A Mostra Ecofalante de Cinema – um dos maiores festivais do Brasil e o mais importante evento de áudio-visual sul-americano dedicado à temática socioambiental – está de volta em sua 12ª edição, exibindo, de 1 a 14 de junho, uma super seleção de 101 filmes de 39 países em 39 espaços culturais de São Paulo, com entrada franca.
Racismo ambiental, pós-colonialismo, povos indígenas e questões econômicas presentes e futuras são os temas de destaque das obras escolhidas, assinadas por Jorge Bodanzky, Gabriela Cowperthwaite, Eduardo Coutinho, Paul Leduc, Gillo Pontecorvo, Ousmane Sembène, Safi Faye, Marta Rodríguez, Jorge Sanjinés e William Klein, entre outros.
Alguns dos filmes que serão exibidos foram premiados em festivais de cinema como de Cannes, Berlim, Cinéma du Réel, CPH:DOX e Tribeca, ou selecionadas para participar dos festivais de Roterdã, Toronto, Sundance, Hot Docs, Locarno e IDFA-Amsterdã.
Como sempre, as atividades paralelas brindam os cinéfilos com encontros muito preciosos com mestres. Este ano, a mostra oferece uma masterclass com o pensador martiniquês Malcolm Ferdinanda respeito de Ecologia Decolonial (que explora o conceito de Plantationoceno) e uma oficina com o diretor Jorge Bodanzki intitulada A Prática do Cinema Ambiental.
O ciclo de debates colocará em pauta temas como racismo ambiental, futuro da energia, desmatamento e economia e reunirá especialistas e diretores.
Além das tradicionais sessões Panorama Contemporâneo, Competição Latino-Americana e o Concurso Curta Ecofalante (que destaco mais adiante), a Ecofalante programou uma Mostra Histórica – intitulada Fraturas (pós-)coloniais e as Lutas do Plantationoceno – que apresenta 17 ícones do cinema militante produzidos entre 1966 a 1984, que discutem a herança do colonialismo em diferentes partes do planeta.

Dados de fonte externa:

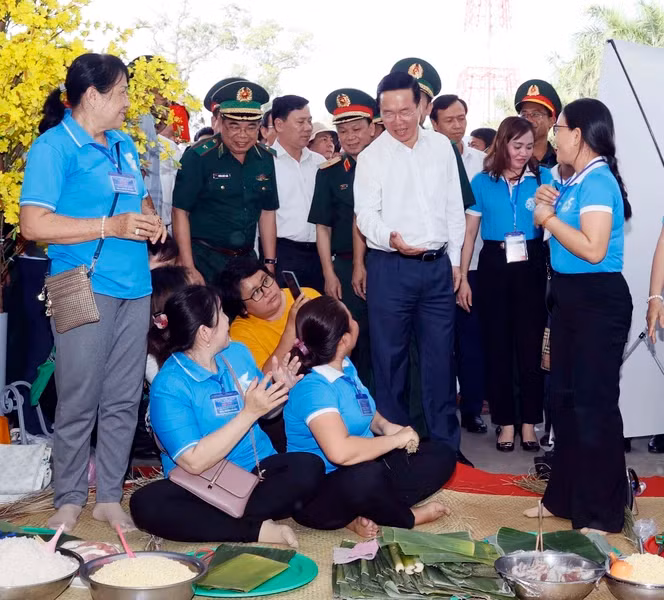 Chủ tịch nước Võ Văn Thưởng và đại biểu gặp gỡ người dân tham dự chương trình "Xuân biên phòng ấm lòng dân bản". (Ảnh: TTXVN)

O termo ‘Plantationoceno’ – que aparece na aula de Malcolm Ferdinand e no título desta mostra – foi cunhado pelas teóricas norte-americanas Dona Haraway e Anna Tsing, nos anos 2010, e se contrapõe a Antropoceno ao reconhecer os fundamentos coloniais e escravagistas da globalização e do sistema socioeconômico hegemônico hoje.

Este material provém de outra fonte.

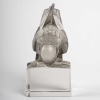 Presse-Papiers « Moineau Sur Socle Ailes Croisées » verre blanc patiné gris de René LALIQUE | Biron Presse-Papiers "Moineau Sur Socle Ailes Croisées" verre blanc patiné gris de René LALIQUE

Completam a programação estreias mundiais de longas brasileiros, um cardápio especial de filmes para a criançada, uma sessão especial com mulheres conservacionistas e um trabalho de realidade virtual na floresta. Vamos a eles!
Estreias mundiais
Os três títulos brasileiros selecionados abordam o embate entre indígenas e garimpeiros, queimadas em quatro biomas do país e deslocamento de uma população:
– Cinzas da Floresta, de André D’Elia, registra uma expedição com o artivista Mundano que percorreu mais de dez mil quilômetros por quatro grandes biomas: Amazônia, Cerrado, Pantanal e Mata Atlântica como o objetivo de produzir uma cartela em tons de cinza a partir do carvão e das cinzas de restos de árvores e de animais carbonizados.

Com esse material, ele pintou um painel para homenagear os brigadistas, inspirado na famosa obra modernista do artista plástico Candido Portinari (1903-1962): O Lavrador de Café.
– Escute, A Terra Foi Rasgada, de Fred Rahal Mauro (de BR Acima de Tudo) e Cassandra Mello, registra o acampamento Luta pela Vida, em Brasília, no qual lideranças dos povos Mebêngôkre (Kayapó), Munduruku e Yanomami se uniram numa Aliança em Defesa dos Territórios e escreveram uma carta-manifesto em repúdio à atividade garimpeira.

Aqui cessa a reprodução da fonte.